La balsa comenzaba a tambalearse y a perder estabilidad. No tuvimos más remedio que sentarnos y esperar en el agua helada. Todos teníamos miedo de morir.
De repente, vimos un gran bote blanco a lo lejos.
Intentamos seguirlo, a pesar de las olas que chocaban contra nosotros. El inconfundible sonido de un helicóptero sobrevolaba nuestras cabezas. Nos miramos el uno al otro con incredulidad.
Nos pusimos de pie de nuevo y gritamos pidiendo ayuda tan fuerte como nuestras fuerzas nos lo permitieron. Nuestras oraciones fueron escuchadas: se acercó un barco con la bandera de España.
Solo entonces nos dimos cuenta de que sobreviviríamos.
Tocamos tierra en Granada.

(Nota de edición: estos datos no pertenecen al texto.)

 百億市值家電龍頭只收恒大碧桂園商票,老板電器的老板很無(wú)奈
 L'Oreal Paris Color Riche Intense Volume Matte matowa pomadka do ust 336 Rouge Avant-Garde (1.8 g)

Desde el puerto nos condujeron a la comisaría donde pudimos ducharnos y cambiarnos de ropa.
Nuestras primeras 72 horas en España fueron en la estación donde abogados nos contactaron para realizar nuestro trámite de asilo. El tercer día, nos trasladaron a una ONG en Madrid.
En Madrid, nos llevaron a una casa custodiada por la Cruz Roja donde los trabajadores sociales nos explicaron nuestros derechos como refugiados. Allí estuve tres meses y comencé a aprender español.
Me mudé a Toledo, una ciudad a menos de una hora de Madrid, y pasé seis meses en una casa de acogida.
Desafortunadamente, mi solicitud de asilo fue denegada y la ONG no pudo seguir ayudándome. Antes de partir conocí a un chico que me invitó a acompañarlo a la iglesia a la que asistía todos los domingos. Allí, la gente de la iglesia se ofreció a ayudarme a aprender español y me ofrecieron un lugar para quedarme.
Nunca olvidaré a mi país. Me gusta Europa, pero a veces siento que no soy bienvenido.
Ahora que comienzo mi nueva vida en España, quiero comenzar mi carrera en economía.
Cuando llegas a Europa tienes que empezar de cero: sin dinero y sin educación reconocida. Tu vida anterior parece no valer nada. Si alguien en Ghana me preguntara cómo entrar a Europa como inmigrante, lo disuadiría de tomar esa decisión.